Description of the task:
Copy nothing from the entries below except the lines from the one containing "Kids Iron Gummies" through the one containing "Marc by‎ Marc", and copy those exactly.

START Entries provided

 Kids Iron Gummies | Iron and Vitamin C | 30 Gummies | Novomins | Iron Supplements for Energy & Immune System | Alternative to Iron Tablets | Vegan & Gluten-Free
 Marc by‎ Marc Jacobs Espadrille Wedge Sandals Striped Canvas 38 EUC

END Entries provided
START Entries provided

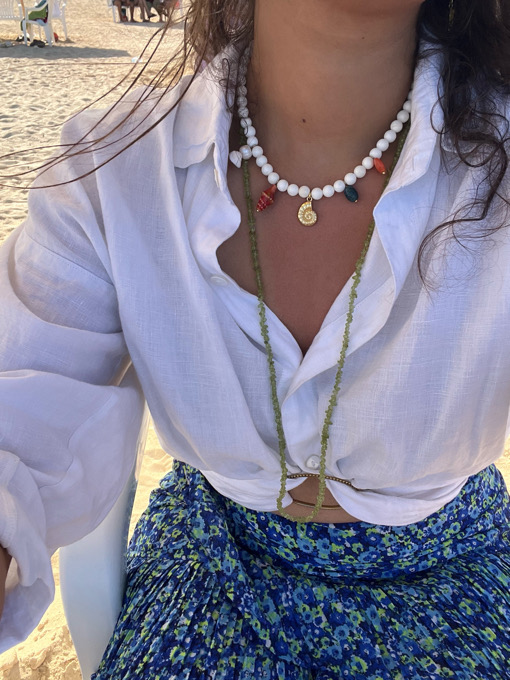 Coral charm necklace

END Entries provided
START Entries provided

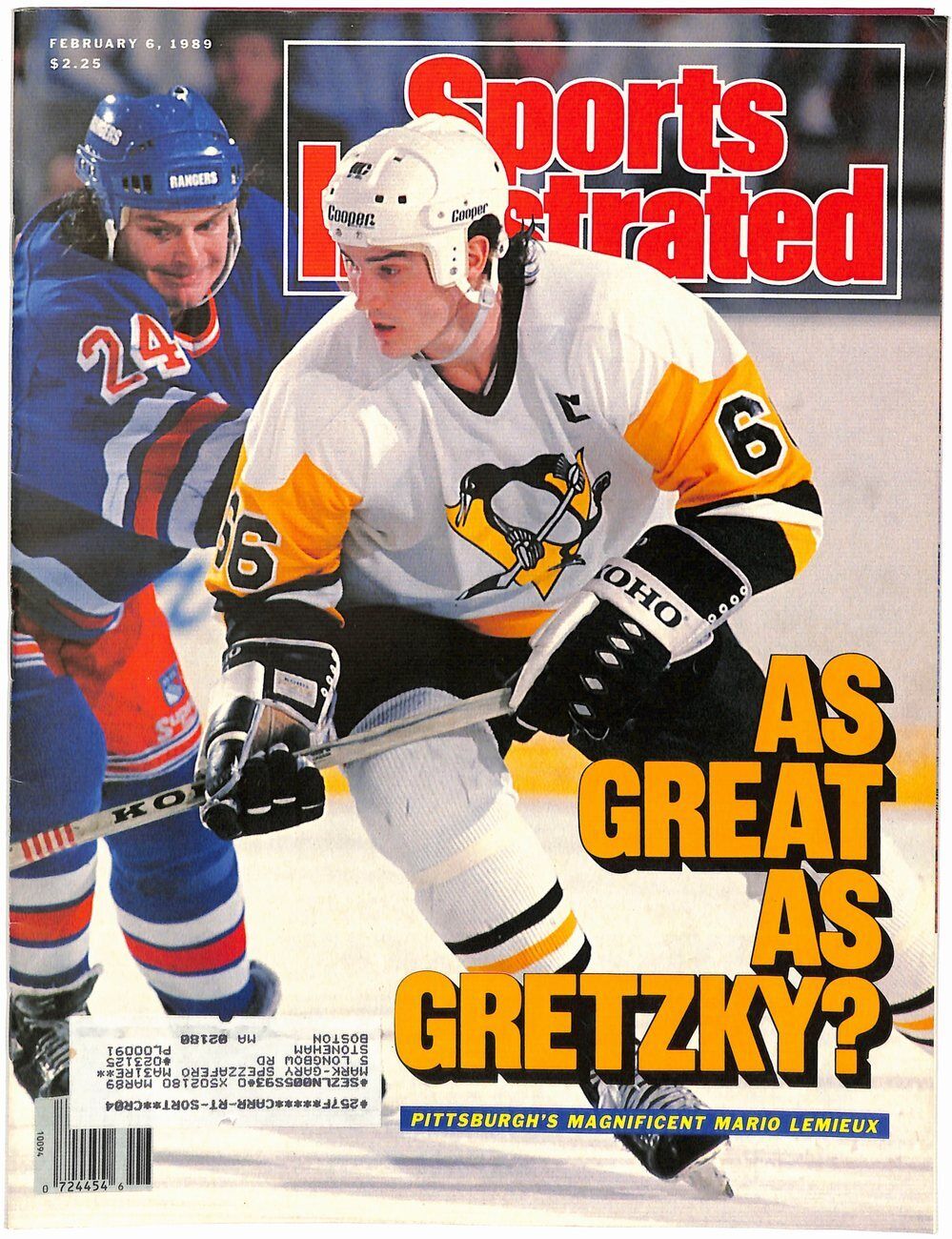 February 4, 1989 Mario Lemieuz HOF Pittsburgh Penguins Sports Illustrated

END Entries provided

Answer to the problem:
 Kids Iron Gummies | Iron and Vitamin C | 30 Gummies | Novomins | Iron Supplements for Energy & Immune System | Alternative to Iron Tablets | Vegan & Gluten-Free
 Marc by‎ Marc Jacobs Espadrille Wedge Sandals Striped Canvas 38 EUC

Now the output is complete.